ACFO chairman Julie Jenner comments on the 2012 Budget Statement.
“Future changes in company car tax rates and capital allowances will drive fleet managers and drivers into lower emission cars at a faster rate,” she said.
“The Government’s decision to tighten company car tax rates by one percentage point up to the end of the 2014/15 tax year and then by two percentage points in 2015-16 and 2016-17 means that the lowest CO2 emitting vehicles will find their way on to fleet choice lists in a bid to keep tax bills in check.
“Similarly, far-reaching changes in capital allowance rates from April 2013 will have a similar impact with 130 g/km of CO2 becoming the de facto benchmark for company cars instead of the current level of 160 g/km.
“Additionally, the Chancellor’s decision not to extend 100% first year capital allowances on low emission cars to leased models may well see some fleets reconsider their options in relation to these vehicles. However, detailed financial modelling will have to be undertaken to calculate the impact of such changes.”

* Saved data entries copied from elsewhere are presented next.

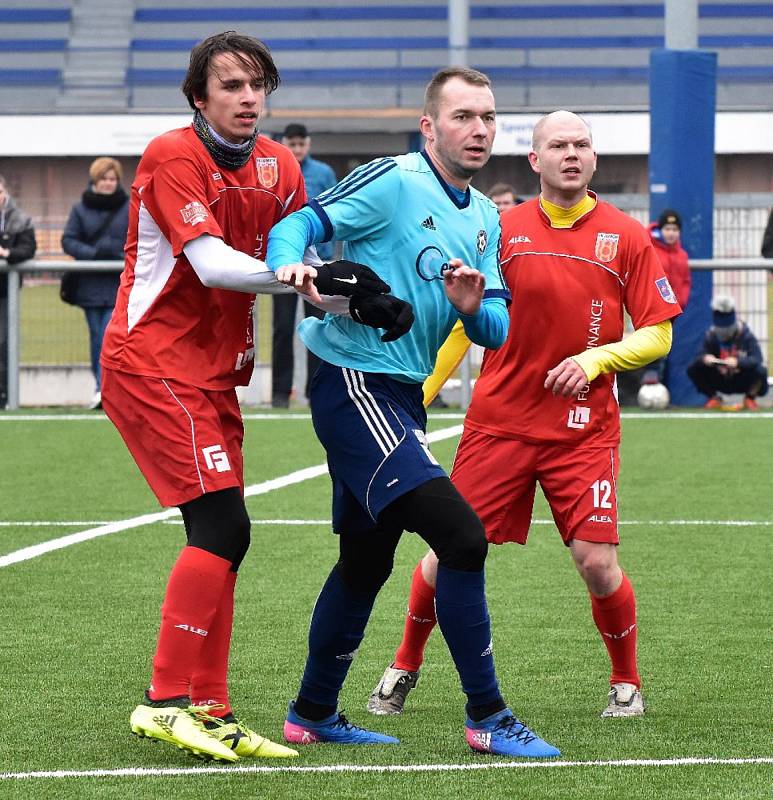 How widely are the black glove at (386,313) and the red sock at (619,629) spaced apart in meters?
1.31

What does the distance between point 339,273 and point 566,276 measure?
1.19 m

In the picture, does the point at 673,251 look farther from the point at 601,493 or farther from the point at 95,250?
the point at 601,493

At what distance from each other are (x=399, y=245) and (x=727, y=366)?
10307 millimetres

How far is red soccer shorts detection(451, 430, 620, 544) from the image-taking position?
16.3 feet

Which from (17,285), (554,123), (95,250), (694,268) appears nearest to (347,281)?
(554,123)

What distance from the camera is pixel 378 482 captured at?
13.9ft

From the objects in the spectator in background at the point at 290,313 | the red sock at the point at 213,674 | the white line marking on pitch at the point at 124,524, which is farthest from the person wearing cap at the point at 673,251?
the red sock at the point at 213,674

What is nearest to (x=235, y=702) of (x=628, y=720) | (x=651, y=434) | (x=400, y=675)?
(x=400, y=675)

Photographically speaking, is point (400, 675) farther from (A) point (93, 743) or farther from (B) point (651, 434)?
(B) point (651, 434)

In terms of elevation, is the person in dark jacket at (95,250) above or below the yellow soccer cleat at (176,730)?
above

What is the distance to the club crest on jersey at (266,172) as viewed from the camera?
14.5ft

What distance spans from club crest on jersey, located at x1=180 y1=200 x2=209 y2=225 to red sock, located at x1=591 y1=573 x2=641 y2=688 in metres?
1.72

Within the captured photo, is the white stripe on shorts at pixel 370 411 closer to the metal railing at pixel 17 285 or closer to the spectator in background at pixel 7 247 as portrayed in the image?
the metal railing at pixel 17 285

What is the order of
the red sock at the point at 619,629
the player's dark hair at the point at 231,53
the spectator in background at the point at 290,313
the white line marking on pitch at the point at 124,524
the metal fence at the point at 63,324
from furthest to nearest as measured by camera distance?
1. the metal fence at the point at 63,324
2. the spectator in background at the point at 290,313
3. the white line marking on pitch at the point at 124,524
4. the red sock at the point at 619,629
5. the player's dark hair at the point at 231,53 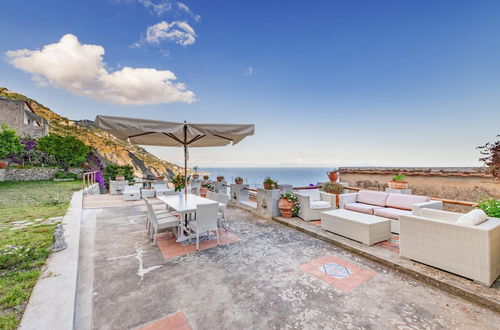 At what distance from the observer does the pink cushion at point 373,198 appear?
4.83m

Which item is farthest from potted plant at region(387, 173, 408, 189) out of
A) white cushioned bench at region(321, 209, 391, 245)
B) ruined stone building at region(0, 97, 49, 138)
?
ruined stone building at region(0, 97, 49, 138)

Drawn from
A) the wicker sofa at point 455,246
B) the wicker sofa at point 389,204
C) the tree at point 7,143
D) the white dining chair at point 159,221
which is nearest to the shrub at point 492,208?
the wicker sofa at point 455,246

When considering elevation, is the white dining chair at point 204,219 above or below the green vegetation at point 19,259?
above

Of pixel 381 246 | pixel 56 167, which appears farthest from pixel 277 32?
pixel 56 167

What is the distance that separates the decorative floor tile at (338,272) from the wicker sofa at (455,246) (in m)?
0.76

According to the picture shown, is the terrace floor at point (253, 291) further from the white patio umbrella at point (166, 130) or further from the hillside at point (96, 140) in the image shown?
the hillside at point (96, 140)

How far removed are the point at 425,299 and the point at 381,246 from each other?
1294 millimetres

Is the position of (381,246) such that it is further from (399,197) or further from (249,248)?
(249,248)

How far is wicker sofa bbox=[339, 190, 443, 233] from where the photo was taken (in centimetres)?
389

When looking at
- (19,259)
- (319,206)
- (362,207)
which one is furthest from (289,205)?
(19,259)

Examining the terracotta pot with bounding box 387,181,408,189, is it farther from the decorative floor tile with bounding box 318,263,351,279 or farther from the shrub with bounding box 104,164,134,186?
the shrub with bounding box 104,164,134,186

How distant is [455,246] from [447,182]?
501 centimetres

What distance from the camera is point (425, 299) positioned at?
6.76ft

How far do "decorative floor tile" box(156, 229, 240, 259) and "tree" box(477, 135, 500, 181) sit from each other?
14.0ft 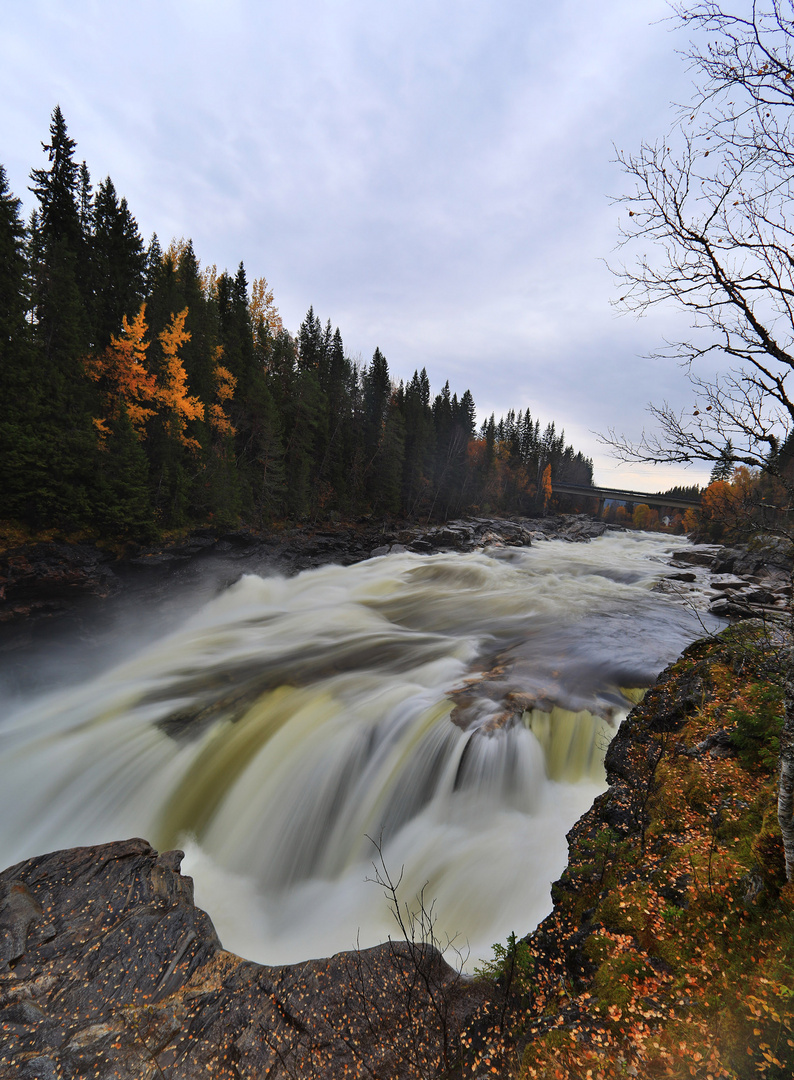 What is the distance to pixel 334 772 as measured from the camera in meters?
7.58

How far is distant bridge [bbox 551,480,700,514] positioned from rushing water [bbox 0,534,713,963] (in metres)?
60.1

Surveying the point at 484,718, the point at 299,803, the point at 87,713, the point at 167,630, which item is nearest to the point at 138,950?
the point at 299,803

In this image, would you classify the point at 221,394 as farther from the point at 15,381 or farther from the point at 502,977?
the point at 502,977

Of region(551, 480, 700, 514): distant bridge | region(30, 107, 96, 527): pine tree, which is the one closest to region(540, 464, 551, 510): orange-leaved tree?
region(551, 480, 700, 514): distant bridge

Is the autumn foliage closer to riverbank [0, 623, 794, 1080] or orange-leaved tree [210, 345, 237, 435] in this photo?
riverbank [0, 623, 794, 1080]

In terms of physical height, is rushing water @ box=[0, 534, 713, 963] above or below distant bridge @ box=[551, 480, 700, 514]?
below

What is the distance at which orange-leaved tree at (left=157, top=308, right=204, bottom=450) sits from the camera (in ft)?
72.9

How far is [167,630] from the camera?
16656mm

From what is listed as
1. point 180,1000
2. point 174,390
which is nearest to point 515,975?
point 180,1000

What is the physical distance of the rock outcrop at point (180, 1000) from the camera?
3232mm

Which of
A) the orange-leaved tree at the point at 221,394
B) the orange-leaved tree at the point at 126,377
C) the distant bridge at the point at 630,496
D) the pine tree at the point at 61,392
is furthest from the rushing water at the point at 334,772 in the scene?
the distant bridge at the point at 630,496

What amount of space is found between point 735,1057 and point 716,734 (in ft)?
13.2

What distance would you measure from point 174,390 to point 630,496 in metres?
73.6

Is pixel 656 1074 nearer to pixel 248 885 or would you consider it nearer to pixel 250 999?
pixel 250 999
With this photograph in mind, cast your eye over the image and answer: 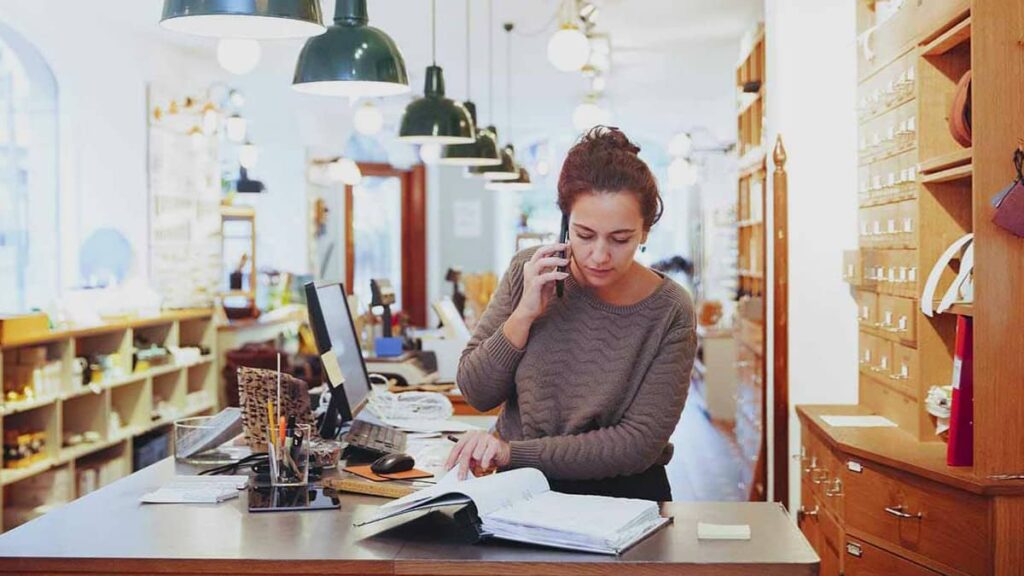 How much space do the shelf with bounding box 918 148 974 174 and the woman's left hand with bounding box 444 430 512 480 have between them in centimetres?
159

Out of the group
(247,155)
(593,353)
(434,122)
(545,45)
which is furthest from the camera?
(545,45)

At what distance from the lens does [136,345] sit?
775 centimetres

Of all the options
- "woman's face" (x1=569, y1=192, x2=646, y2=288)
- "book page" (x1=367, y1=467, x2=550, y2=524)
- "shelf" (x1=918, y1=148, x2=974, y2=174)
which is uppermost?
"shelf" (x1=918, y1=148, x2=974, y2=174)

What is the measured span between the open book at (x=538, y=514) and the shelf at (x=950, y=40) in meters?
1.95

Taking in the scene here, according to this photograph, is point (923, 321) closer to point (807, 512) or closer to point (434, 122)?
point (807, 512)

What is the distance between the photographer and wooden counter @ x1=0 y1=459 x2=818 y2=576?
211 cm

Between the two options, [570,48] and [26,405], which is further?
[570,48]

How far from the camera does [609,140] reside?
8.66ft

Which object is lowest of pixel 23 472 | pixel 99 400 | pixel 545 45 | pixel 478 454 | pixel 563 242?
pixel 23 472

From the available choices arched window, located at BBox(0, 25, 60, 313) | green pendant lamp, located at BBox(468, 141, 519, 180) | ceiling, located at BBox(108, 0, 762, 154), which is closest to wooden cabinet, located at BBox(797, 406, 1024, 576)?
green pendant lamp, located at BBox(468, 141, 519, 180)

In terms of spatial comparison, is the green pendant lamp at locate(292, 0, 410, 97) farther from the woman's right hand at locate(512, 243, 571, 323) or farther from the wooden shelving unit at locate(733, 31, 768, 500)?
the wooden shelving unit at locate(733, 31, 768, 500)

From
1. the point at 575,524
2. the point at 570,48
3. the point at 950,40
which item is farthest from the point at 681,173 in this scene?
the point at 575,524

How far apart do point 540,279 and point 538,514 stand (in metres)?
0.56

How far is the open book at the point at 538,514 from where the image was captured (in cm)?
217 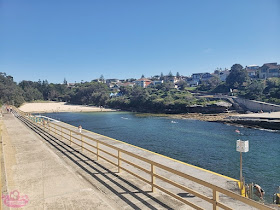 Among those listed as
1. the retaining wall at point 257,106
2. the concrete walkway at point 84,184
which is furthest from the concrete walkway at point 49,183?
the retaining wall at point 257,106

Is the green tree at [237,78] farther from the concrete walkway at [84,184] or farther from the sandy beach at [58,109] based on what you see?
the concrete walkway at [84,184]

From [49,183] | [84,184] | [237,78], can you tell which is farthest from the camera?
[237,78]

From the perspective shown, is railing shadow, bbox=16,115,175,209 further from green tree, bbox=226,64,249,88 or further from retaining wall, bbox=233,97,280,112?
green tree, bbox=226,64,249,88

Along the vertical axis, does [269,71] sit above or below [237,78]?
above

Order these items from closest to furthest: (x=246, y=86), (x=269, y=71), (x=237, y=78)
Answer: (x=246, y=86), (x=237, y=78), (x=269, y=71)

“Finally, we welcome the Chancellor’s decision to remove the 3% diesel supplement on benefit-in-kind tax from April 2016, which is something that ACFO has been campaigning for many years.”
“ACFO is disappointed that the Chancellor has decided to press ahead with the August 1, 2012 3.02p per litre rise in fuel duty.
“ACFO had called for the duty increase not to go ahead as, with fuel prices already at record levels, the rise will further impact on business costs.”